ELIZABETHTON — After a winter of replacing boards and timbers, tightening bolts, replacing the cedar shake roofing and applying a fresh paint job, the work on the 120-year-old Elizabethton Covered Bridge should be completed in a couple of weeks.
The work was directed by Jon Smith of Allegheny Restoration and Builders of Morgantown, W.Va. He is an experienced hand at restoring covered bridges, having restored eight in West Virginia and others across the Northeast.
In addition to restoring old bridges, Smith has been involved with many other important restoration jobs, including a restoration of the West Virginia Capitol in 2009-10. He also helped restore Woodburn Hall, the most iconic building at West Virginia University.
“That probably doesn’t mean a lot down here, Smith said, “but those are the two most well-known buildings in West Virginia. He also worked on some big projects outside of West Virginia, including the impressive Edith Horton mansion in Lennox, Mass.
“We were really fortunate to get Jon,” said Gary Tysinger of the covered bridge project’s engineering firm of Tysinger, Hampton and Partners.
Smith found out about the bridge project from a previous restoration project in the area. He worked on the restoration of the Eureka Hotel in Jonesborough. During this project, he became friends with Alan Robins of the Lowe’s hardware store in Johnson City.
When Robins’ son, John, was a teen, he asked Smith for a job on a covered bridge restoration project in Pennsylvania and the master carpenter agreed to let him do odd jobs and clean up. Smith said the young man caught the building trade bug and enrolled in construction management at Appalachian State University. When he heard about Elizabethton’s project, Robins quickly informed his old employer.
Smith has been working as a carpenter since the early 1970s. He explained it was a quick decision. He had just completed a hitch in the Coast Guard where he served on an icebreaker in the Bering Sea. He had not been home very long before his father asked him what his plans were for the future. His father said he would help him if he wanted to go to college or he could get a job. Smith said he told his father he would think about it. His father told him that would be fine and he could tell him his decision over supper in 15 minutes.
Smith told his father he thought he would like to be a carpenter. It was the time of urban renewal and Smith quickly found work, but he soon grew unhappy with modern methods and power tools.
He was fortunate to find Bob Wier, whom he described as an “old school” carpenter. From him, Smith learned the skills he still practices, such as the art of fine tuning a covered bridge to handle the forces of tension and compression.
Smith said the bridge was designed to use tension and compression to spread out the load crossing the bridge. As the weight of a vehicle reaches one point, vertical tension cables are stretched, causing diagonal timbers to compress, transferring part of the load to other sections of the bridge.

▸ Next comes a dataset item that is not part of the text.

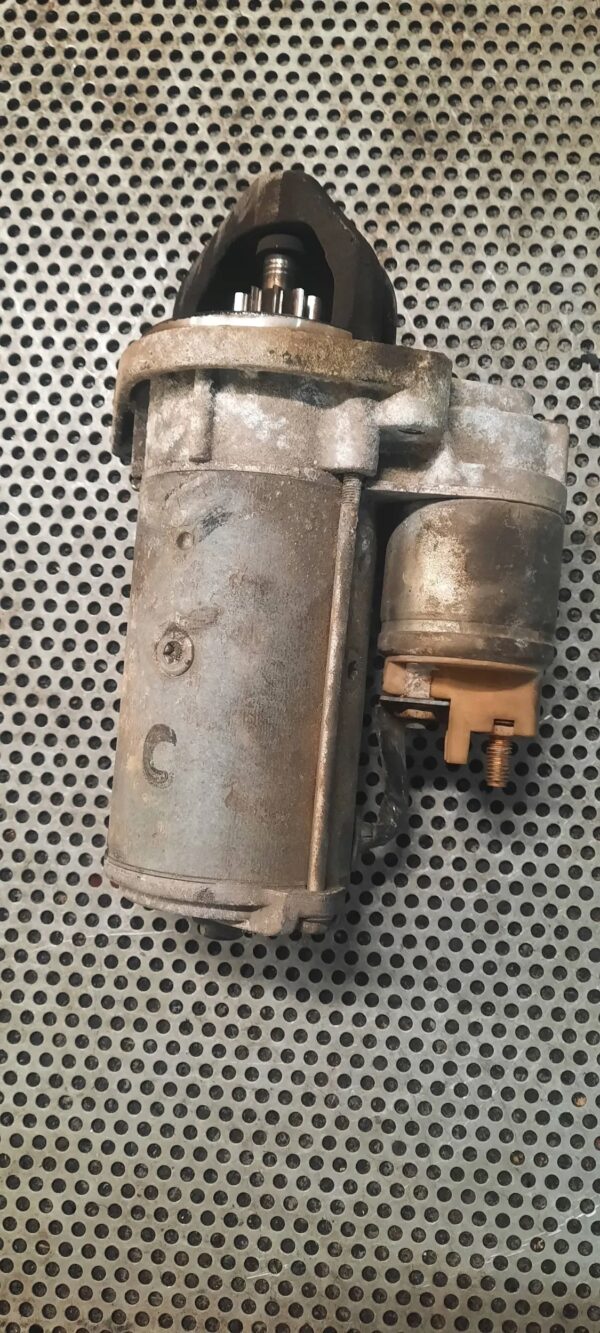 ROZRUSZNIK MERCEDES VITO 0051511301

“You have to feel the bridge,” Smith said. By that, he meant the tightening of bolts that control the tension. Large wrenches are used, and the bolts are tightened until it is difficult to turn the bolts anymore. The bridge is allowed to adjust to the new tension and then the bolt turns freely again. The tightening continues until the feel of the bridge and the experience of a master carpenter determines it is tight enough.
Like any good craftsman, Smith has his own tools on the job site. As a rehabilitation expert, most of his tools are from an earlier century when the only power was in a worker’s arm. Some of his tools are handmade, the others are heirlooms. He is an admirer of well-built tools and includes Mayes Brothers levels made in Johnson City among the best.
Most of the work on Elizabethton’s bridge is now complete. It included replacing a broken lower cord. Some of the most noticeable work was the replacement of some of the exterior boards. Smith said most of the replaced boards were not original pieces of the bridge.
He said the original boards were made of poplar and the 120-year-old boards are holding up well. Those that have been replaced because of vandalism or other problems were replaced by modern cedar boards, which have not lasted. When an original piece has to be removed, much of it is salvaged for use in other locations.
When Smith is not working on a project, he is teaching his knowledge to the next generation. He is an adjunct professor in the Building Preservation and Restoration program at Belmont College in St. Clairsville, Ohio. Some of his students worked with him on the project. The students and former students included Carl Smith, Nakita Carin and Michelle Morrison.
Much of the work was done by local contractors, such as Dale Baker of Quality Roofing in Roan Mountain. Local electricians wired the sophisticated fire alarm and security system. The painter was not quite so local. Paul Tickle is from England, but he now owns a restoration and painting business in Arden, N.C. He has painted many of the more photogenic rides at Dollywood, among his endeavors.